Freud non è diventato esattamente un vecchio parruccone. Ma poco ci manca. «Da un punto di vista storico bisogna riconoscerlo: ormai Freud è antiquato decreta Rolando Ravello - anche nella psicanalisi molte cose sono cambiate». Perfino la voglia di riderci su. Quel che tenta di fare Tutta colpa di Freud: serie in otto episodi con la regia di Ravello, tratta dall'omonimo film diretto nel 2014 da Paolo Genovese, su Amazon Prime Video dal 26 (e in autunno su Canale Cinque). «Perché tornare, dopo sette anni, a quel progetto? si chiede Genovese - Allora non riuscimmo a dire tutto quel che volevamo. La sceneggiatura era lunghissima, molto materiale rimase fuori. E quando un film riesce a diventare serie vuol dire che attira ancora il pubblico. Così, dopo che Mediaset ci ha chiesto un prodotto family, abbiamo esclamato: eccolo!».
Nel sequel televisivo ideato da Genovese stesso (che però ha rinunciato a dirigerlo: «Ero curioso di vedere come avrebbe condotto il gioco una mano diversa»), l'abile psicanalista Francesco (Claudio Bisio) si dimostra padre disastroso di tre figlie problematiche, che deve seguire in assenza di una madre (Claudia Pandolfi) troppo occupata con le proprie battaglie ambientaliste. «Una moderna commedia familiare riassume Genovese- in cui un affermato esperto di problemi interiori non riesce a gestire quelli delle persone a lui più vicine. Un po' come il calzolaio che va in giro con le scarpe rotte». Rispetto al film, però, solo l'idea originale rimane identica: «la vicenda è trasferita da Roma a Milano, e le storie prendono una dinamica del tutto diversa, anche inattesa. In fondo Tutta colpa di Freud non è una serie sulla psicanalisi, né sulla terapia di coppia. Ma sulle differenze in amore. E sulla difficoltà di accettarle. Il tono è quello della commedia all'italiana: raccontare con leggerezza, ma senza superficialità, pregi e difetti dell'animo umano». «Ma è anche altro considera la Pandolfi- In qualche modo, attraverso le storie delle tre figlie, diventa un ritratto dell'emancipazione femminile. Vista però attraverso lo sguardo di un uomo: il padre».
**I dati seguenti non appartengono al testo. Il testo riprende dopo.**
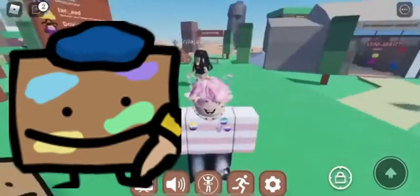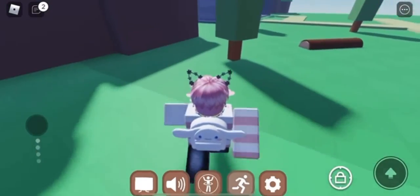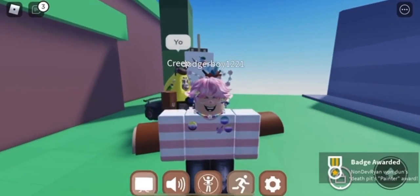In this video I'm showing you how to get the new painter cornbread — there are two new cornbreads you can get. To get this one, it's pretty simple: go over to this little log with the painting and touch it, and you should receive a badge at the bottom of your screen. That is how you get this cornbread. It should not be difficult because it's in the easy category.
Molto importante per il risultato finale è stato l'affiatamento fra gli interpreti Claudio Bisio (assente alla conferenza stampa di presentazione perché colpito dal Covid: «Ma non ho la febbre -ha fatto sapere- solo una tosse fastidiosa») e Max Tortora, che nel racconto interpreta un viveur ossessionato dalle donne. «Un feeling che ha consentito ai rispettivi personaggi racconta Genovese- di giocare in modo sornione e ironico sul tema dell'eterna contrapposzione fra Roma-Milano. Sull'indolenza dell'una e l'iperattivismo dell'altra». «E questo non solo per quel che riguarda i personaggi ammicca Tortora- Ma anche all'interno del rapporto d'amiciza personale fra Claudio e me».
Affiatamento che, abbinato ad una solida sceneggiatura (firmata dallo stesso Genovese), ha consentito anche di muoversi sullo stimolante quanto insidioso terreno dell'improvvisazione. «Puoi improvvisare, divertirti a farlo e ottenerne risultati sorprendenti conferma Tortora- ma solo quando ti muovi in un recinto ben delimitato». «E grazie a questa sceneggiatura io mi sono sentita completamente libera di giocare fa eco la Pandolfi- Inventare sul momento cose diverse, ma comunque centrate perché sempre in linea con la traccia stabilita».
Resta una curiosità: quanti degli interpreti
di Tutta colpa di Freud hanno avuto a che fare con la psicanalisi? E' un'alzata di mani generale. «Rimane uno strumento fondamentale per risolvere i nodi della vita sentenzia la Pandolfi- La consiglio vivamente a tutti» P.